Work required: What you return must be the full listing, word for word, with no images in it.

Given information:
__________
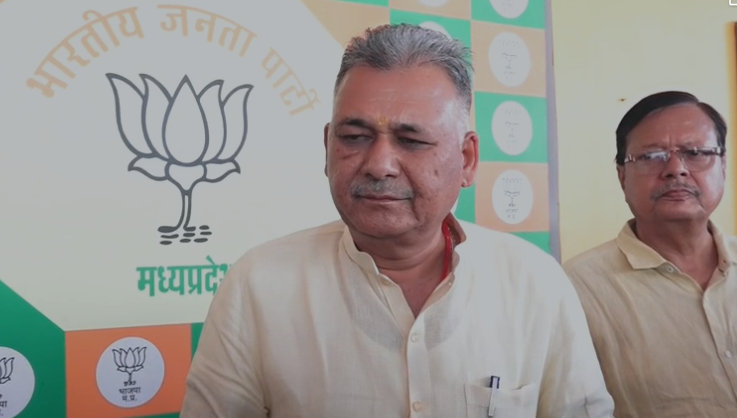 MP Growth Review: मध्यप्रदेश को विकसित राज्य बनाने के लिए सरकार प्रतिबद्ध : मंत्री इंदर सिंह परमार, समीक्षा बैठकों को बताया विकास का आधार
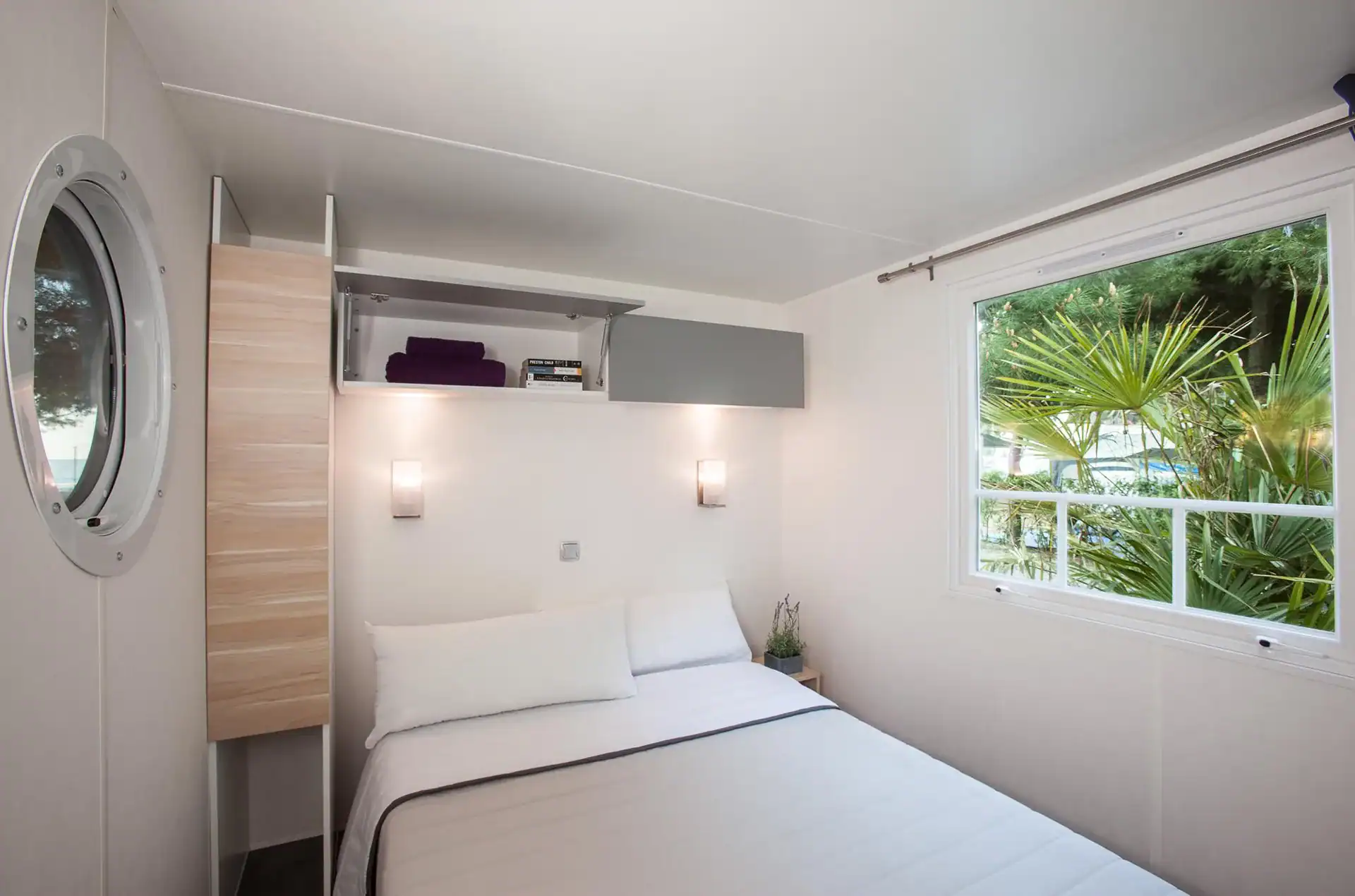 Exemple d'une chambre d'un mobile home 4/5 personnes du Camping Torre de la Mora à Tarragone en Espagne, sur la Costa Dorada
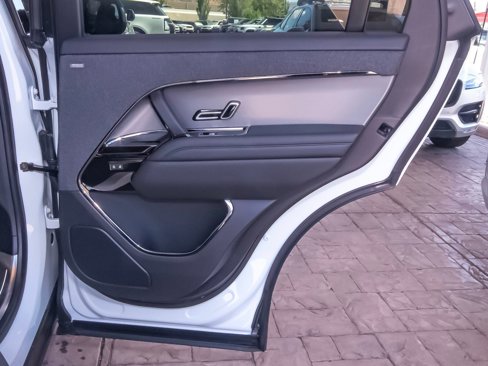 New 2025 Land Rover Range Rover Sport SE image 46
__________
Answer to this exercise:
 MP Growth Review: मध्यप्रदेश को विकसित राज्य बनाने के लिए सरकार प्रतिबद्ध : मंत्री इंदर सिंह परमार, समीक्षा बैठकों को बताया विकास का आधार
 Exemple d'une chambre d'un mobile home 4/5 personnes du Camping Torre de la Mora à Tarragone en Espagne, sur la Costa Dorada
 New 2025 Land Rover Range Rover Sport SE image 46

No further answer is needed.